INSTRUCTIONS TO FOLLOW:
Return all records exactly. Nothing may be added.

Records excerpted from a collection
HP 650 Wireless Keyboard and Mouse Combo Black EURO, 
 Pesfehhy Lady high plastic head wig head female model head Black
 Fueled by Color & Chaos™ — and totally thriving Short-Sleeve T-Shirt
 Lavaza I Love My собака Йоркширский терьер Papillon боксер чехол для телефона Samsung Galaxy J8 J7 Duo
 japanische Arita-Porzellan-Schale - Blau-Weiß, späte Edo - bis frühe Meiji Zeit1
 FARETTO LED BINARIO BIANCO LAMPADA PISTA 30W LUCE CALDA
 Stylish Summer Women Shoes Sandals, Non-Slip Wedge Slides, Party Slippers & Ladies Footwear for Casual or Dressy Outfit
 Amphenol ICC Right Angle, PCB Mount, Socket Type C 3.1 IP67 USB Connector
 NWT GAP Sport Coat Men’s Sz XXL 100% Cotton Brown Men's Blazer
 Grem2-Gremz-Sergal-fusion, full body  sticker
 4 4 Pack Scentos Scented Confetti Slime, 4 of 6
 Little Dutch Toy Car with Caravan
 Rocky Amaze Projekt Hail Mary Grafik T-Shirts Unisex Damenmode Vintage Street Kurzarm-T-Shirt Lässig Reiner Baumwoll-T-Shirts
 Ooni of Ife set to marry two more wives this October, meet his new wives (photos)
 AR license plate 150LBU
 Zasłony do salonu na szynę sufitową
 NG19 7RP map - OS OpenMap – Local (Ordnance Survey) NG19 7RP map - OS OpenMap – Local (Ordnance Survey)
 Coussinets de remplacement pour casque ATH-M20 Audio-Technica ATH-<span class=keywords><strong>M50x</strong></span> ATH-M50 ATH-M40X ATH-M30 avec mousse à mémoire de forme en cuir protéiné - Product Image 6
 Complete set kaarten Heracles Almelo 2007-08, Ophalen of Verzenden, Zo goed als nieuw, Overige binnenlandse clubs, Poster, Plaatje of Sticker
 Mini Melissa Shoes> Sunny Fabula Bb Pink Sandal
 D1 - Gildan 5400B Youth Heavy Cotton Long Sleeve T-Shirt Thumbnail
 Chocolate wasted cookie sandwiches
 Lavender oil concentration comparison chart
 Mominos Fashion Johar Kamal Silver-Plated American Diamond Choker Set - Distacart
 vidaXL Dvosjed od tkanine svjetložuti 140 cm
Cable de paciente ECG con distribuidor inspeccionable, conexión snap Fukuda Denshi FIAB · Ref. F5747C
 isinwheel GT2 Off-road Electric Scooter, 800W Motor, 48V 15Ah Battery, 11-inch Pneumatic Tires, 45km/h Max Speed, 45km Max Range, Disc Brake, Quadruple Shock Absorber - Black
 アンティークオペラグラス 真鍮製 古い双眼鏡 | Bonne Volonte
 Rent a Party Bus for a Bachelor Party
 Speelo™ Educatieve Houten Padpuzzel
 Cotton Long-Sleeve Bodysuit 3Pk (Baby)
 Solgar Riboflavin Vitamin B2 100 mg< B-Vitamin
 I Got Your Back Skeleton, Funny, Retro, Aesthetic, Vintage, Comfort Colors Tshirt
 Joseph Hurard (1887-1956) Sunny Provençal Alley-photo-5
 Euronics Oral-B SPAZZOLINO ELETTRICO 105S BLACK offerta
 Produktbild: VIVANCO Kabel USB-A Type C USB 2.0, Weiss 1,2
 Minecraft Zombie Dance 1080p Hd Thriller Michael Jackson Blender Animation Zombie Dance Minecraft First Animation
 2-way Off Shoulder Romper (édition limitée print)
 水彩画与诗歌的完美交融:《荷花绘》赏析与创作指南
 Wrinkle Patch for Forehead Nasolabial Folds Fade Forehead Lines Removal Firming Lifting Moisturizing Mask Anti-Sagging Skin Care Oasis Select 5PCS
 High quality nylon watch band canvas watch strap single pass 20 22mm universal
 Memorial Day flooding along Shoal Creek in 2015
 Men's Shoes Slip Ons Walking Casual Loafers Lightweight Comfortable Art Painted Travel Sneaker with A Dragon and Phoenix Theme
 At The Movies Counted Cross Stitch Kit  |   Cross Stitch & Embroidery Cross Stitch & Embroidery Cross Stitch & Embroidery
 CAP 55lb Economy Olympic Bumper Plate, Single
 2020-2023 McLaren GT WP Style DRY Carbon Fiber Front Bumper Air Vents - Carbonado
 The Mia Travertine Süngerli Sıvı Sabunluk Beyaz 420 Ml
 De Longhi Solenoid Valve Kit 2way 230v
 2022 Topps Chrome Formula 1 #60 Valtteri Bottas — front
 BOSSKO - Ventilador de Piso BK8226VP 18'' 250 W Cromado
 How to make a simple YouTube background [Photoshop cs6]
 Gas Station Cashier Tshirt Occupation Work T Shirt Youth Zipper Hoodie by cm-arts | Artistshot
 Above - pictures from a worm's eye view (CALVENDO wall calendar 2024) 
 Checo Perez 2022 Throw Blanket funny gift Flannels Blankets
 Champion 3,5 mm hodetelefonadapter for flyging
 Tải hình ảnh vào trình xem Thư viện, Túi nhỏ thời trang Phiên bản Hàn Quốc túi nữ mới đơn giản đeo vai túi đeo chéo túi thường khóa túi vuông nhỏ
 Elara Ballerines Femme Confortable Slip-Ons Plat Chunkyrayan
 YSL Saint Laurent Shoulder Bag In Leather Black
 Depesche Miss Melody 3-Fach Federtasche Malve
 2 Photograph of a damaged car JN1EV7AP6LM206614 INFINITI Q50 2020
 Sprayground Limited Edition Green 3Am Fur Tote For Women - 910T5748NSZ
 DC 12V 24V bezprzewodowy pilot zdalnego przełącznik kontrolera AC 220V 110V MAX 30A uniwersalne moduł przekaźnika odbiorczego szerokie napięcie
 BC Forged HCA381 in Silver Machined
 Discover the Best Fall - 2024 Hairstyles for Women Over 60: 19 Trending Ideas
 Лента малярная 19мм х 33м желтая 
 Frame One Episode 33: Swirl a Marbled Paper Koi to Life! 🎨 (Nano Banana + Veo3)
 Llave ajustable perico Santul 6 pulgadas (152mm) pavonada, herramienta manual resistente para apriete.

WRITTEN RESPONSE:
HP 650 Wireless Keyboard and Mouse Combo Black EURO, 
 Pesfehhy Lady high plastic head wig head female model head Black
 Fueled by Color & Chaos™ — and totally thriving Short-Sleeve T-Shirt
 Lavaza I Love My собака Йоркширский терьер Papillon боксер чехол для телефона Samsung Galaxy J8 J7 Duo
 japanische Arita-Porzellan-Schale - Blau-Weiß, späte Edo - bis frühe Meiji Zeit1
 FARETTO LED BINARIO BIANCO LAMPADA PISTA 30W LUCE CALDA
 Stylish Summer Women Shoes Sandals, Non-Slip Wedge Slides, Party Slippers & Ladies Footwear for Casual or Dressy Outfit
 Amphenol ICC Right Angle, PCB Mount, Socket Type C 3.1 IP67 USB Connector
 NWT GAP Sport Coat Men’s Sz XXL 100% Cotton Brown Men's Blazer
 Grem2-Gremz-Sergal-fusion, full body  sticker
 4 4 Pack Scentos Scented Confetti Slime, 4 of 6
 Little Dutch Toy Car with Caravan
 Rocky Amaze Projekt Hail Mary Grafik T-Shirts Unisex Damenmode Vintage Street Kurzarm-T-Shirt Lässig Reiner Baumwoll-T-Shirts
 Ooni of Ife set to marry two more wives this October, meet his new wives (photos)
 AR license plate 150LBU
 Zasłony do salonu na szynę sufitową
 NG19 7RP map - OS OpenMap – Local (Ordnance Survey) NG19 7RP map - OS OpenMap – Local (Ordnance Survey)
 Coussinets de remplacement pour casque ATH-M20 Audio-Technica ATH-<span class=keywords><strong>M50x</strong></span> ATH-M50 ATH-M40X ATH-M30 avec mousse à mémoire de forme en cuir protéiné - Product Image 6
 Complete set kaarten Heracles Almelo 2007-08, Ophalen of Verzenden, Zo goed als nieuw, Overige binnenlandse clubs, Poster, Plaatje of Sticker
 Mini Melissa Shoes> Sunny Fabula Bb Pink Sandal
 D1 - Gildan 5400B Youth Heavy Cotton Long Sleeve T-Shirt Thumbnail
 Chocolate wasted cookie sandwiches
 Lavender oil concentration comparison chart
 Mominos Fashion Johar Kamal Silver-Plated American Diamond Choker Set - Distacart
 vidaXL Dvosjed od tkanine svjetložuti 140 cm
Cable de paciente ECG con distribuidor inspeccionable, conexión snap Fukuda Denshi FIAB · Ref. F5747C
 isinwheel GT2 Off-road Electric Scooter, 800W Motor, 48V 15Ah Battery, 11-inch Pneumatic Tires, 45km/h Max Speed, 45km Max Range, Disc Brake, Quadruple Shock Absorber - Black
 アンティークオペラグラス 真鍮製 古い双眼鏡 | Bonne Volonte
 Rent a Party Bus for a Bachelor Party
 Speelo™ Educatieve Houten Padpuzzel
 Cotton Long-Sleeve Bodysuit 3Pk (Baby)
 Solgar Riboflavin Vitamin B2 100 mg< B-Vitamin
 I Got Your Back Skeleton, Funny, Retro, Aesthetic, Vintage, Comfort Colors Tshirt
 Joseph Hurard (1887-1956) Sunny Provençal Alley-photo-5
 Euronics Oral-B SPAZZOLINO ELETTRICO 105S BLACK offerta
 Produktbild: VIVANCO Kabel USB-A Type C USB 2.0, Weiss 1,2
 Minecraft Zombie Dance 1080p Hd Thriller Michael Jackson Blender Animation Zombie Dance Minecraft First Animation
 2-way Off Shoulder Romper (édition limitée print)
 水彩画与诗歌的完美交融:《荷花绘》赏析与创作指南
 Wrinkle Patch for Forehead Nasolabial Folds Fade Forehead Lines Removal Firming Lifting Moisturizing Mask Anti-Sagging Skin Care Oasis Select 5PCS
 High quality nylon watch band canvas watch strap single pass 20 22mm universal
 Memorial Day flooding along Shoal Creek in 2015
 Men's Shoes Slip Ons Walking Casual Loafers Lightweight Comfortable Art Painted Travel Sneaker with A Dragon and Phoenix Theme
 At The Movies Counted Cross Stitch Kit  |   Cross Stitch & Embroidery Cross Stitch & Embroidery Cross Stitch & Embroidery
 CAP 55lb Economy Olympic Bumper Plate, Single
 2020-2023 McLaren GT WP Style DRY Carbon Fiber Front Bumper Air Vents - Carbonado
 The Mia Travertine Süngerli Sıvı Sabunluk Beyaz 420 Ml
 De Longhi Solenoid Valve Kit 2way 230v
 2022 Topps Chrome Formula 1 #60 Valtteri Bottas — front
 BOSSKO - Ventilador de Piso BK8226VP 18'' 250 W Cromado
 How to make a simple YouTube background [Photoshop cs6]
 Gas Station Cashier Tshirt Occupation Work T Shirt Youth Zipper Hoodie by cm-arts | Artistshot
 Above - pictures from a worm's eye view (CALVENDO wall calendar 2024) 
 Checo Perez 2022 Throw Blanket funny gift Flannels Blankets
 Champion 3,5 mm hodetelefonadapter for flyging
 Tải hình ảnh vào trình xem Thư viện, Túi nhỏ thời trang Phiên bản Hàn Quốc túi nữ mới đơn giản đeo vai túi đeo chéo túi thường khóa túi vuông nhỏ
 Elara Ballerines Femme Confortable Slip-Ons Plat Chunkyrayan
 YSL Saint Laurent Shoulder Bag In Leather Black
 Depesche Miss Melody 3-Fach Federtasche Malve
 2 Photograph of a damaged car JN1EV7AP6LM206614 INFINITI Q50 2020
 Sprayground Limited Edition Green 3Am Fur Tote For Women - 910T5748NSZ
 DC 12V 24V bezprzewodowy pilot zdalnego przełącznik kontrolera AC 220V 110V MAX 30A uniwersalne moduł przekaźnika odbiorczego szerokie napięcie
 BC Forged HCA381 in Silver Machined
 Discover the Best Fall - 2024 Hairstyles for Women Over 60: 19 Trending Ideas
 Лента малярная 19мм х 33м желтая 
 Frame One Episode 33: Swirl a Marbled Paper Koi to Life! 🎨 (Nano Banana + Veo3)
 Llave ajustable perico Santul 6 pulgadas (152mm) pavonada, herramienta manual resistente para apriete.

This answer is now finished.